Zinc finger proteins have a broad cell distribution and also bind RNA molecules and facilitate protein-protein interactions. These functions broaden their biologic role to include transcriptional and translational control, modulation of those processes, and signal transduction. Interest in zinc finger motifs is considerable because of their potential as targets for therapeutic interventions, including gene therapy.

Zn/S clusters, such as those in MT, may act as low redox potential units (17). These zinc thiol clusters, when oxidized by cellular oxidants (including oxidative and nitrosative stressors), results in zinc release. The glutathione/glutathione disulfide (GSH/GSSG) redox couple and some selenium compounds influence zinc release, which potentially integrates MT into cellular redox mechanisms. Nitric oxide (NO) may also mobilize zinc from this protein’s thiolate clusters (20, 21). This mobilization may be limited to the protein’s beta domain (3 Zn cluster), whereas the alpha domain (4 Zn cluster) is viewed as having a detoxifying role. Increased oxidative and nitrosative stress that accompanies zinc deficiency (22, 23) may be explained in part by induction of NO synthase (24, 25).

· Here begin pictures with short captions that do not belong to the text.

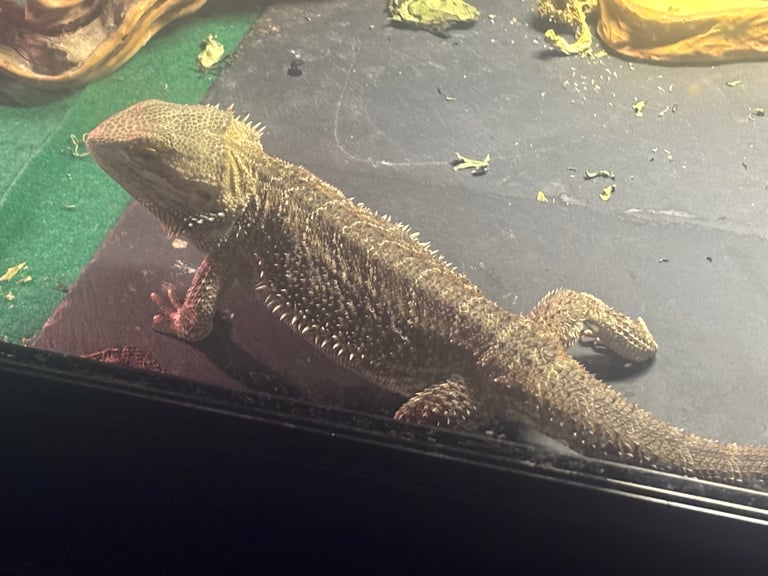 image for Bearded Dragon 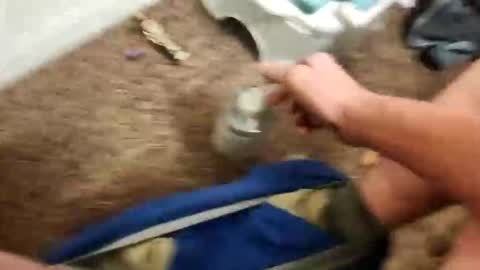 clintontaurus5189 online show from February 8, 5:57 am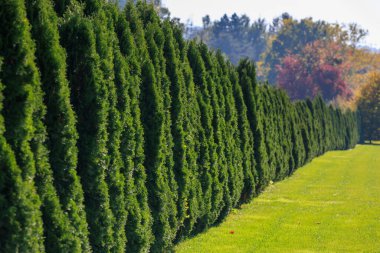 Yeşil yapraklı ve aralarında yeşil çimenli bir alan olan bir sıra daima yeşil ağaçlar. Ağaçlar uzun ve yoğundur, doğal bir bariyer oluştururlar.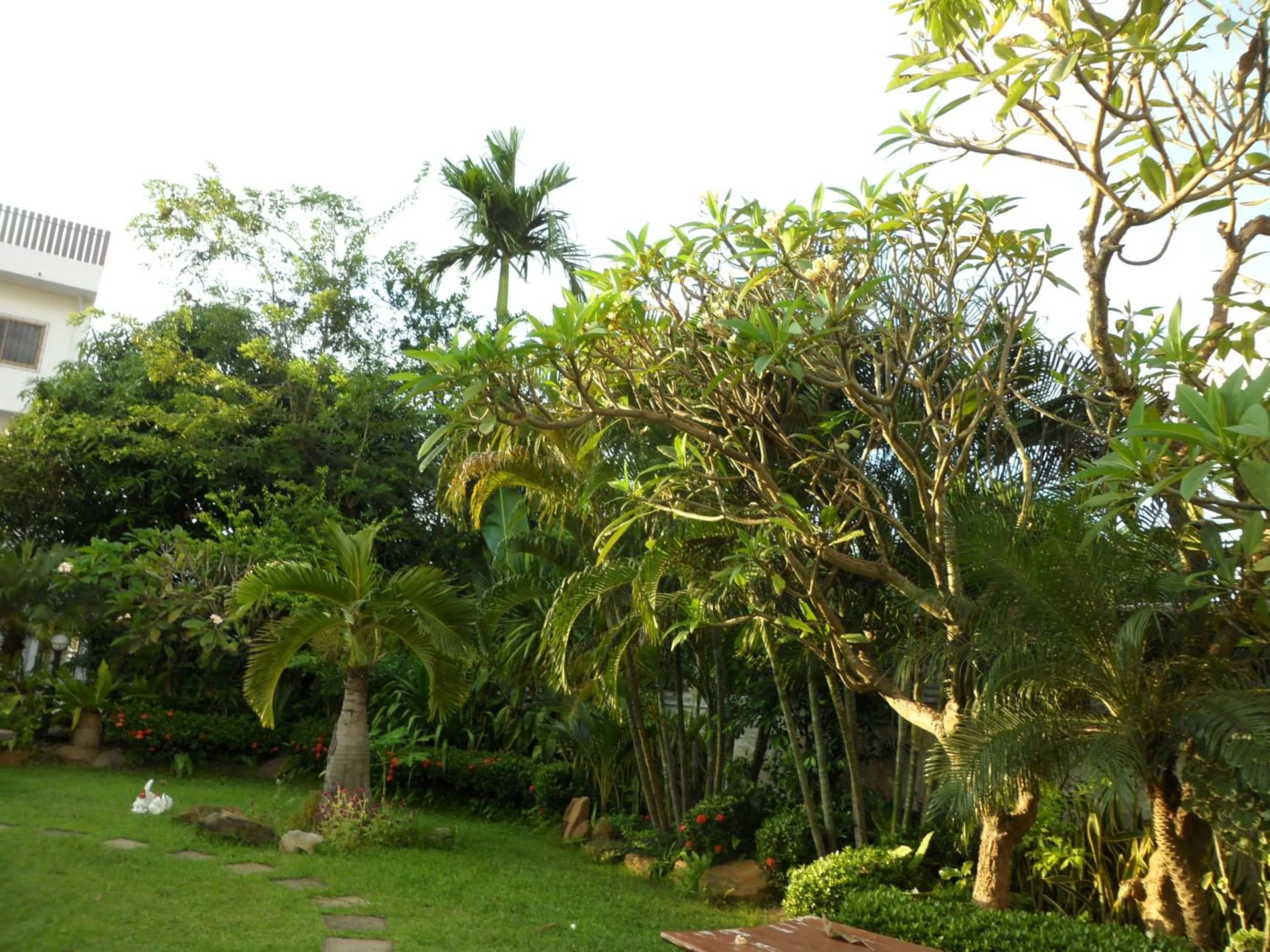 Garden view in White Elephant Resort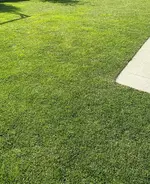IMG_20231008_153417.jpg_compressed.webp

A hybrid function between structure and regulatory is that movement of large quantities of zinc are associated with insulin secretion by pancreatic β cells, zinc metallodigestive enzyme secretion by pancreatic acinar cells, and acid secretion by parietal cells of the stomach. In the first two instances, Zn2+ has a stabilizing role during the secretory process, whereas Zn2+ may replace hydrogen ion (H+) during gastric acid release (26, 27). The transporters
ZnT8, ZnT2, and ZIP11 are the likely major players for these functions.


Regulatory Functions

Regulation of gene expression is a biochemical role for zinc. Originally identified as an active component of the metalloregulatory mechanism for MT gene regulation, the metalresponse element (MRE)-binding transcription factor 1 (MTF1) now is believed to provide zinc responsiveness to many genes (28, 29), including acting as a master regulatory transcription factors (30) for miRNA genes involved in gene repression. Null mutation of the MTF1 gene produces embryonic lethality in mice, a finding indicating importance in animals. On zinc occupancy, MTF1 translocates to the nucleus, where it participates in chromatin binding through MREs of the gene promoter. Polymorphisms in the zinc finger domain of the human MTF1 gene (31) suggest the possibility of genetic variation in the response of MTFl-regulated genes to dietary zinc intakes. A homologous transcription factor MTF2, documented to be involved in stem cell development (32), may repress genes during normal zinc status and produce activation on zinc depletion. Reciprocal expression of zinc-responsive genes, including zinc transporters, that maintain zinc homeostasis may be regulated by these and other transcription factors that provide opposite responses to zinc status.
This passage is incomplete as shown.